Published 07/23/2024, 02:27 AM
Updated 07/23/2024, 06:06 PM
© Reuters.

By Samuel Shen, Selena Li and Julie Zhu

(Reuters) - Two of China's leading fund managers have capped staff's annual income and will claw back any excess, five people with direct knowledge of the matter said, in the first such measure to hit the industry under a government austerity drive.

China Merchants Fund Management (China Merchants FM) told its staff last month that their annual pay would be capped at 3 million yuan ($413,297) from this year, and demanded they give back anything more than that from last year, three people said.

The clawback was due to happen as soon as this month, two of the sources said.

Bosera Asset Management also set a cap, at 2.9 million yuan, and asked staff to return any pay above that from last year, another two sources said. The move was implemented in June, one of the people said.

China's state-owned conglomerate China Merchants Group owns 100% of China Merchants FM and 49% of Bosera. Both are based in Shenzhen. The two fund firms and the Group did not respond to Reuters requests for comment.

All the sources declined to be named as the information was confidential.

The push to reduce salaries in the fund industry comes against the backdrop of China's "common prosperity" drive aimed at addressing social and income inequality as economic growth slows. The securities regulator has also tightened supervision of the sector, which is seen by some investors as reaping fat profits despite a poorly performing stock market.

According to headhunter Morgan McKinley's China Salary Guide for 2023, the base salary of senior executives and department heads in sales and investing at fund managers in China ranges between 1.6 million yuan and 6 million yuan a year.

But it is common for a senior executive or a high performing fund manager at medium-to-large-sized funds to earn anything between 10 million yuan to several hundred million yuan a year during bull markets, with some bonuses deferred into a years-long payment.

China Merchants FM is China's sixth biggest mutual fund company with 551 billion yuan in assets, excluding money market funds. Bosera is China's seventh largest fund manager with 527 billion yuan worth of assets.

'WRONG PRESCRIPTION'

Some banks have already taken similar measures as part of the "common prosperity" drive, which was launched in 2021 and has already hit dealmakers as Beijing targets what it calls hedonists and lavish lifestyles.

In a document issued on Sunday after the Communist Party's Central Committee meeting, the authorities said it would "keep income distribution and the means of accumulating wealth well-regulated" and "properly regulate" excessive incomes.

Cutting pay and benefits will make it tougher for China's $4.3 trillion mutual fund industry to attract and retain talent, industry experts said, and will provide little incentive to portfolio managers and other staff to boost performance.

Mandy Wang, an industry veteran and former head of Morgan Stanley's China mutual fund business, said shrinking margins make pay adjustment an imperative but clawing back previous years' pay "undermines the spirit of contract".

"It's the wrong prescription with strong after-effect," she said.

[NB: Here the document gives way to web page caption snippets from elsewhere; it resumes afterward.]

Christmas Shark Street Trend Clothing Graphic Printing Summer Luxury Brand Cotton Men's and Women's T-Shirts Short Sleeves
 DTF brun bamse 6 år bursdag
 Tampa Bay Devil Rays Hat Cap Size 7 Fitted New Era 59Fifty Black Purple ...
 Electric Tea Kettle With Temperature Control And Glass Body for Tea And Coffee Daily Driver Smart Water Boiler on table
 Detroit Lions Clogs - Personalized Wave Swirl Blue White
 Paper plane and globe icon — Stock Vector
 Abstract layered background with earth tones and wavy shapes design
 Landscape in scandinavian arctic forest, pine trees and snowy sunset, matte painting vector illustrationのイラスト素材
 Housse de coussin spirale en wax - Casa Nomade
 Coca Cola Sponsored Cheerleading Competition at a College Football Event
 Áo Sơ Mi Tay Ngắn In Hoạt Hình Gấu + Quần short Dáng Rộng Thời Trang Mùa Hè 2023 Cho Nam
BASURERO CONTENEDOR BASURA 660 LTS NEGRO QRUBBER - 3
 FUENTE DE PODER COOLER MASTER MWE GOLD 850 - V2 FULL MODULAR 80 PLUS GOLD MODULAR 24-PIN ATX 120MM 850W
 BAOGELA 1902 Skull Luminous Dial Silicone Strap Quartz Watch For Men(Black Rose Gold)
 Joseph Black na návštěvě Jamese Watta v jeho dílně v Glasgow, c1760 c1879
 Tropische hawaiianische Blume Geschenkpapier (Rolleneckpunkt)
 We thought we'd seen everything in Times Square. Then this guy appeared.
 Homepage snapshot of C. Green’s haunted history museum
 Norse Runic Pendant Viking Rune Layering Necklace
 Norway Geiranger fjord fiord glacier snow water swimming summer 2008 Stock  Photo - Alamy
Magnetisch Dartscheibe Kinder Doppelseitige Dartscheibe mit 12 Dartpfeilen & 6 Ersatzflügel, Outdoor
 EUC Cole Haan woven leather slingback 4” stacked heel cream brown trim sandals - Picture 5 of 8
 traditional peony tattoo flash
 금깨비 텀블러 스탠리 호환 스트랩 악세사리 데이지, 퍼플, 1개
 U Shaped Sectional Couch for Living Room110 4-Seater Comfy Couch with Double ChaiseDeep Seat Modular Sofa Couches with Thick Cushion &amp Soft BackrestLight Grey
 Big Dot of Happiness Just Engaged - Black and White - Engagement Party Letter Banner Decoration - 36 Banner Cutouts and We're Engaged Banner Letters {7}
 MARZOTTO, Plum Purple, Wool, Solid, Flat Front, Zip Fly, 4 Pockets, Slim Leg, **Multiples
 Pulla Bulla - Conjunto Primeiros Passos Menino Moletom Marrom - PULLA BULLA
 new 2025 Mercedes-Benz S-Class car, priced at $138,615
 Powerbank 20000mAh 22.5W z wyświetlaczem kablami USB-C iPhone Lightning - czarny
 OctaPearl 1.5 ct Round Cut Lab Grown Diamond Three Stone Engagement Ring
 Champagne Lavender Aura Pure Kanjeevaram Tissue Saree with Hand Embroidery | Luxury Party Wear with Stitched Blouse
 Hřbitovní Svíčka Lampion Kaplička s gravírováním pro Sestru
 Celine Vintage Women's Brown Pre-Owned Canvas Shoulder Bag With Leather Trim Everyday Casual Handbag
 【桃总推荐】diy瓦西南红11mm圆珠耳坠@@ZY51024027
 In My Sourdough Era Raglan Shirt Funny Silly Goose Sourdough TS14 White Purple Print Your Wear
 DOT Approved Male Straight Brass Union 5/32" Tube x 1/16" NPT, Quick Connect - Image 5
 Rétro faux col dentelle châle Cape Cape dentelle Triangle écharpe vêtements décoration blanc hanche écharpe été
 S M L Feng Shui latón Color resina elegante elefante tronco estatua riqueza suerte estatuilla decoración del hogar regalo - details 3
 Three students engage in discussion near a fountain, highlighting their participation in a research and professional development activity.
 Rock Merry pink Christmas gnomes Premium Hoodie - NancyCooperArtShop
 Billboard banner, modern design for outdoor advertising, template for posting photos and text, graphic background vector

The clawback of last year's pay to comply with the cap would affect about 60 executives and fund managers at China Merchants FM, two of the sources said.

© Reuters. FILE PHOTO: A China yuan note is seen in this illustration photo May 31, 2017.  REUTERS/Thomas White/Illustration/File Photo

"Nobody going forward wants to sell the products to raise assets. We can lie flat to just keep the job because we would fear the money paid will be clawed back," a sales executive at one of the fund houses told Reuters.